I HAVE been reading The Weekly Times since I was a child.

Recycling really was alive and well back then, but it wasn't talked about. People just did it.

My grandparents bought The Weekly Times every week, but we didn't get it until the following week, so we were always a week behind - not that we minded.

I dare say in many families the paper had a third visit - to the outside toilet!

Does that mean it was re-recycled?

Or maybe it was used to wrap up the vegetable peelings?

Empty soft-drink bottles were taken back to the shop from where they were purchased and a 5 cent refund was given.

If they hadn't been purchased there, as was the case after my brother and I had spent a day at the races picking up all the empties, the shopkeeper would insist we spend the proceeds in their milk bar.

Of course, we absolutely hated having to buy so many lollies from the bottle money!

The milk bottles were also returned for refilling.

Whoever invented plastic has a lot to answer for.

Have people forgotten the saying "good things come in glass"?

There is so much plastic in the supermarkets these days and yet the consumer is the one made to feel guilty about accepting a plastic bag to put his or her purchases in.

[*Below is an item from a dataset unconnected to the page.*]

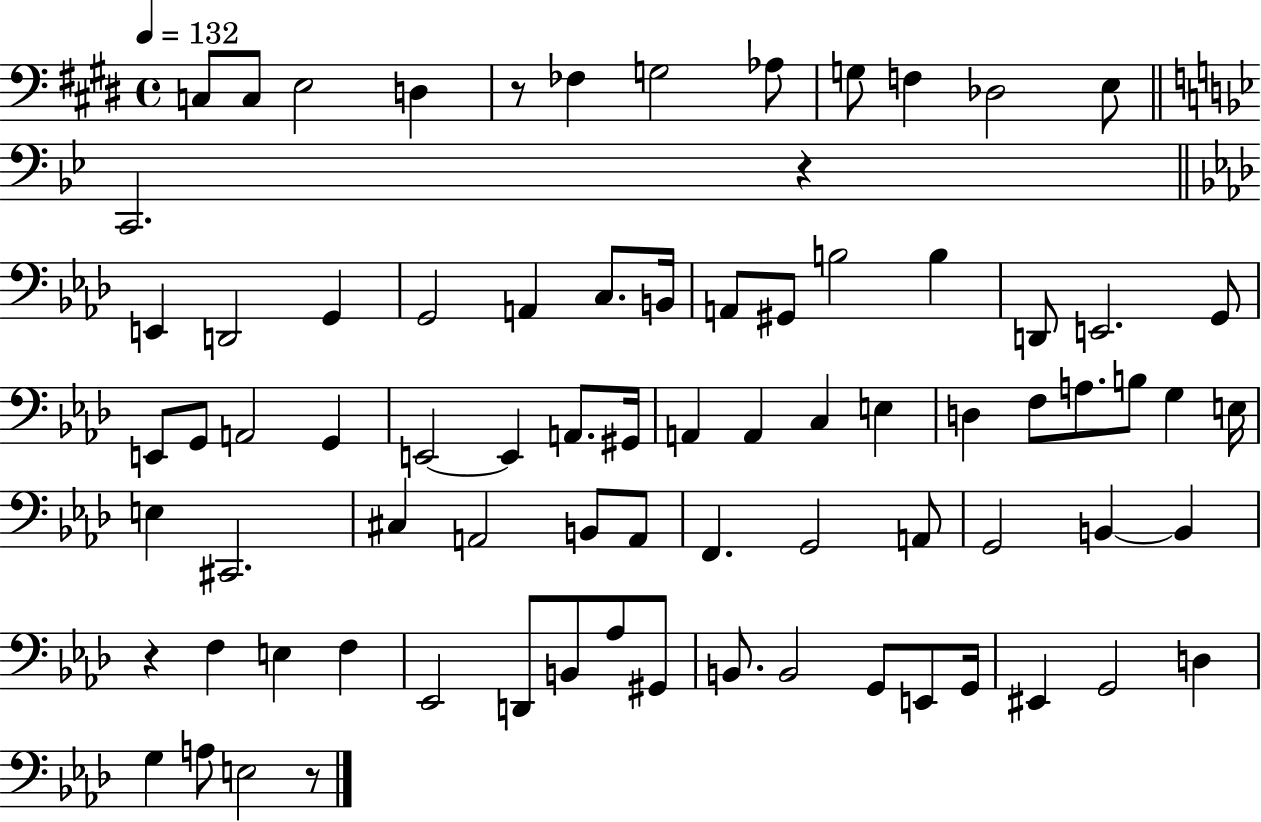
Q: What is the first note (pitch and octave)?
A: C3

I can remember my mother going into the local general store where the biscuits were in four-pound tins.

She would ask for half a pound of this and half a pound of that, and they'd be put in brown paper bags, not packaged in more plastic.

Lollies would also be on display in their boxes, and what a nightmare for the shopkeeper when a child came in and wanted one of those, two of them, and would proceed to place them in a small white paper bag.

Could this be another contributing factor to the obesity crisis, the fact lollies are now packaged in large family-sized bags.

Is it any wonder many of us have become cynical about the whole recycling green movement?